The squares of the numbers at either side of multiples of 3 progressively move up in multiples of 12 e.g. 4^2 - 2^2 = 12 & 7^2 - 5^2 = 24.
This can be proved by letting n = any number. Therefore 3n must equal any multiple of 3 as 3 is a factor. 3n + 1 is one digit above any multiple Of 3 and 3n - 1 one digit below.
Therefore, the difference between the squares of these values = (3n + 1)^2 - (3n-1)^2 = (9n^2 + 6n + 1) - (9n^2 - 6n +1) by expansion of brackets.
The terms of degree zero and two (9n^2 & 1) cancel out leaving 6n - - 6n = 12n which is proof that multiples of 3 (where n indicates the number of the multiple), goes up in multiples of 12.
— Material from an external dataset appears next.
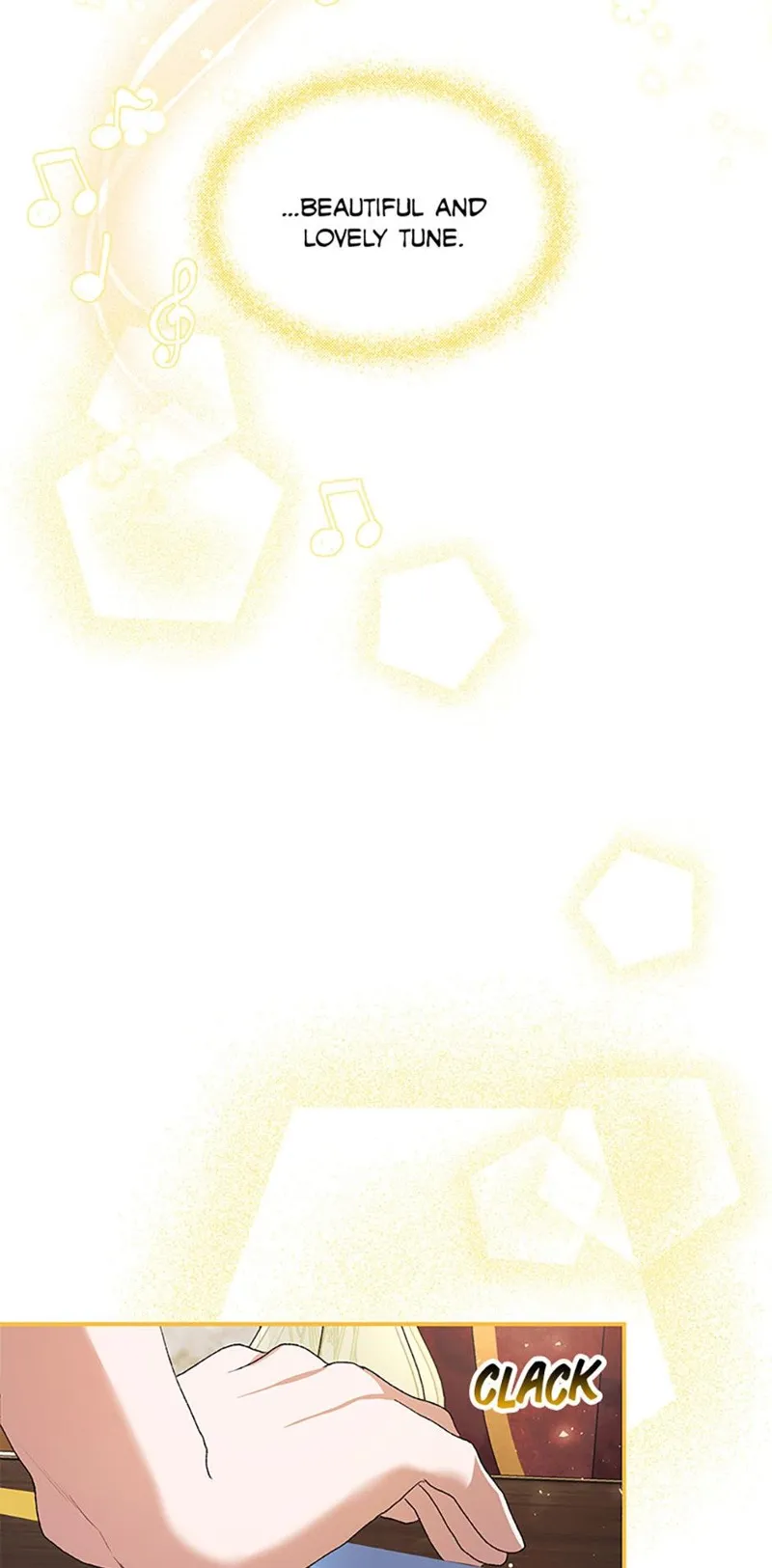 Karina's Last Days Chapter 30 - 24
The same proof can be applied to multiples of 5 and the squares of either side of them.
For multiples of 5, the resulting values go up in multiples of 20 because the terms of degree zero and two cancel out leaving the term of degree one (terms to the power of one), whose sum is 20 in this case.
For other multiples e.g. 6, differences between two squares at either side is 24, 7 is 28 and 8 is 32 and so on where resulting differences keep going up in multiples of 4.
This can also be proved by creation and expansion of brackets:
Let m = any multiple of a number. The differences of the squares of the numbers one digit above and one digit below this number can be represented, once again using algebra, as (m+1)^2 - (m-1)^2 = (m+2m+1) - (m-2m+1) which equals 2m - -2m = 4m.